Finding efficiency and scalability in the contract management side of incident response can yield big benefits, as one of the largest health insurers in the U.S. found when they automated their privacy incident response process.

The Difficulty with Addressing Contractual Obligations

This nationwide health insurance company, serving more than 16 million members across the U.S., was managing an average of 250 reported incidents per month, each of which potentially affected around 10,000 contracts.

A staff of seven full-time equivalent employees was required to handle incident response, with a manual process that took up to two days per incident.

Even so, the insurer’s privacy director was concerned that her team was not able to fully assess the notification obligations contained in the thousands of contracts, leaving the organization at increased risk of fines and penalties.

The organization deployed Radar to help automate their privacy incident response process.

Enter Radar

Within months, managing contract obligations had become a non-issue.

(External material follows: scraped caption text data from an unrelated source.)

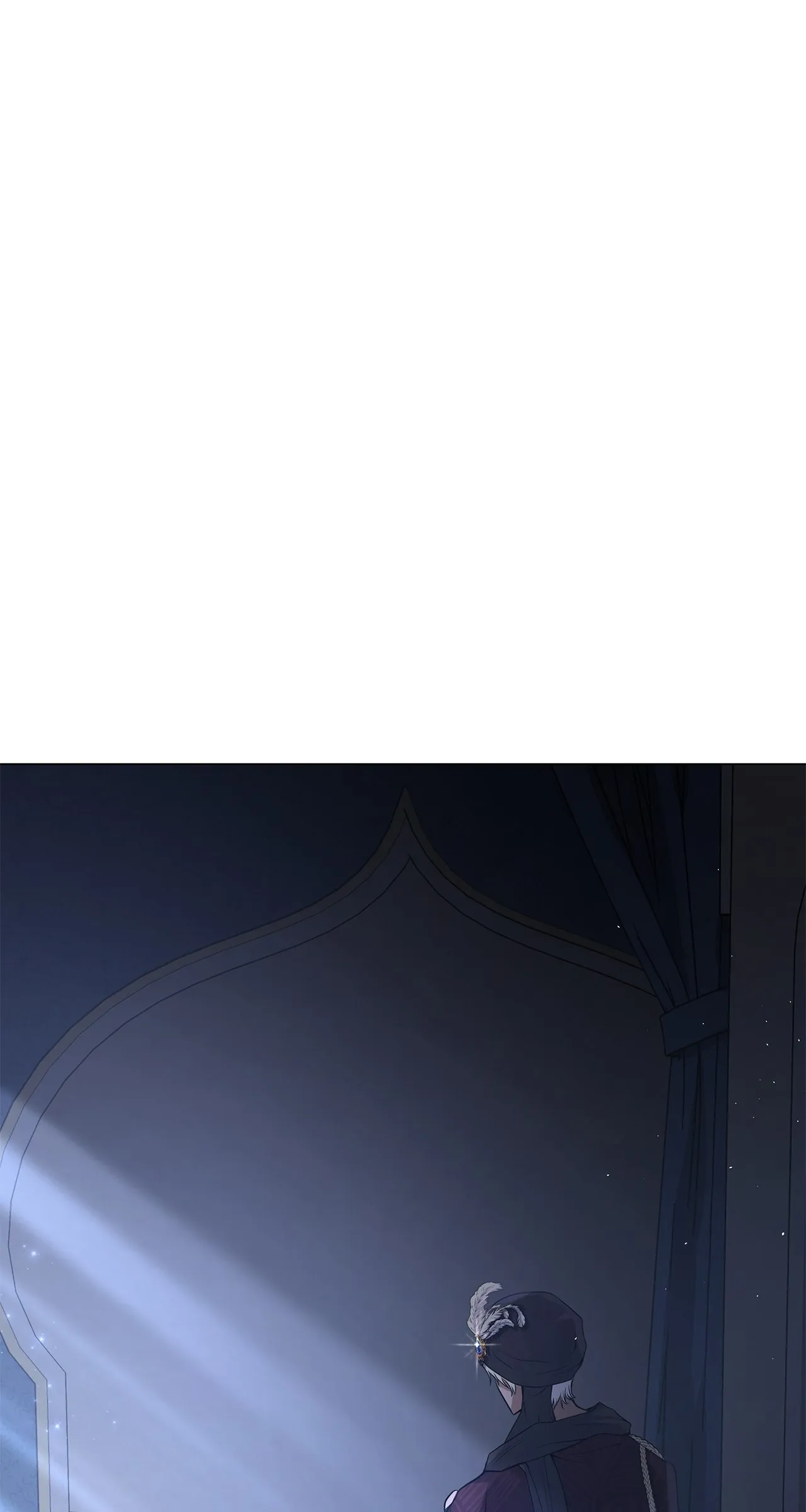 Read Traces of the Moon FR Manga Online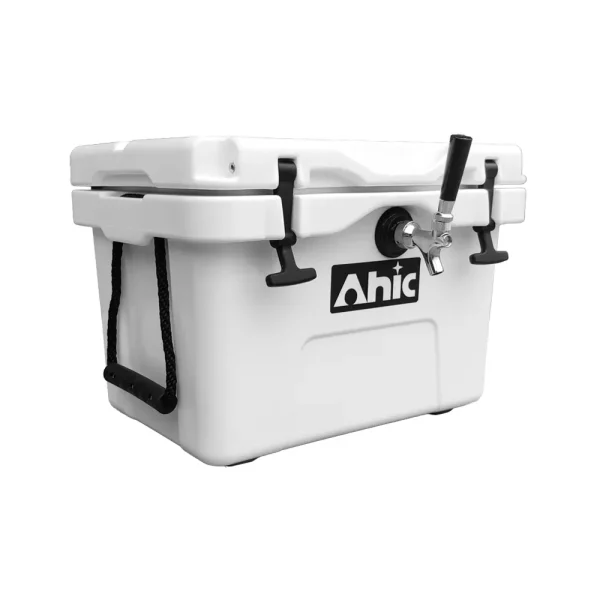 AHIC 25L Jockey Box – Portable Beer Cooling System - Image 4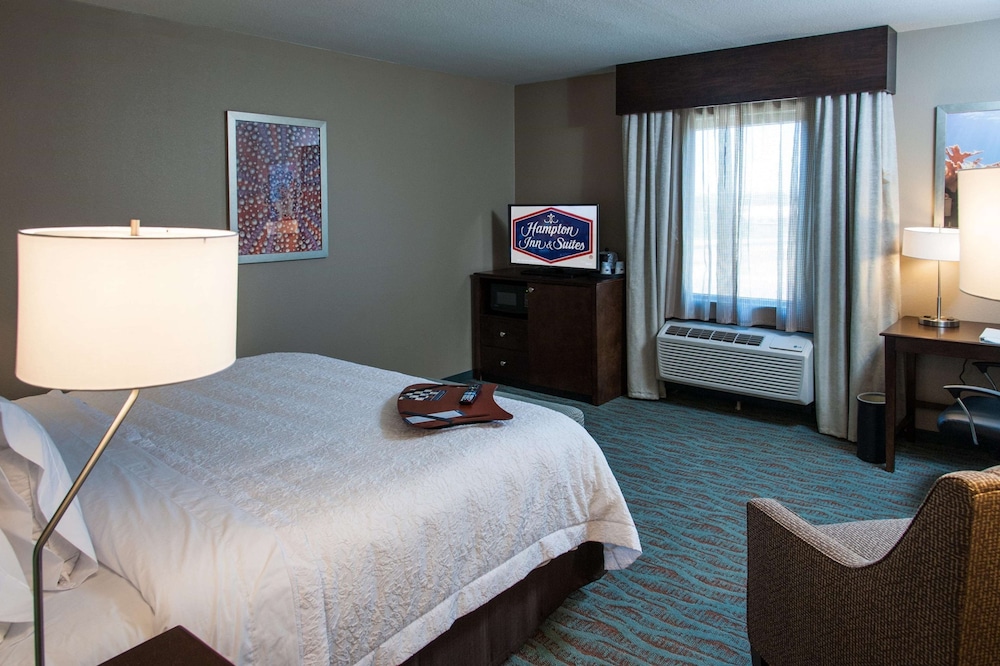 Hampton Inn & Suites Gulfport I-10 14/61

The director cites a recent incident that involved state and federal laws and affected 180 contracts.

“Before, this incident would have taken 1–2 days to work through manually. With Radar, our team had all the information we needed right in front of us in minutes.”

From incident intake through investigation, assessment, and notification, Radar saves the incident response team 95 percent of the time they used to spend on assessment. Because all the contract requirements and state laws are built into the tool, and the director says they have instant visibility into notification deadlines, they can easily avoid incurring fines or penalties.

The team is also saving time because they need to review fewer incidents:

“We used to manually review every incident. Now we only review the ones that are yellow on the heat map, making us 50–70 percent more efficient.”

Other benefits include faster incident intake, because the organization’s 50,000–60,000 employees can enter complete incident information directly into Radar, plus improved consistency in incident assessment and reporting.

Between all the efficiencies that Radar made possible, the privacy director expects to be able to reduce the staff time spent on incident assessments by half.

She says without hesitation, “Radar was our privacy program’s big success story this year.”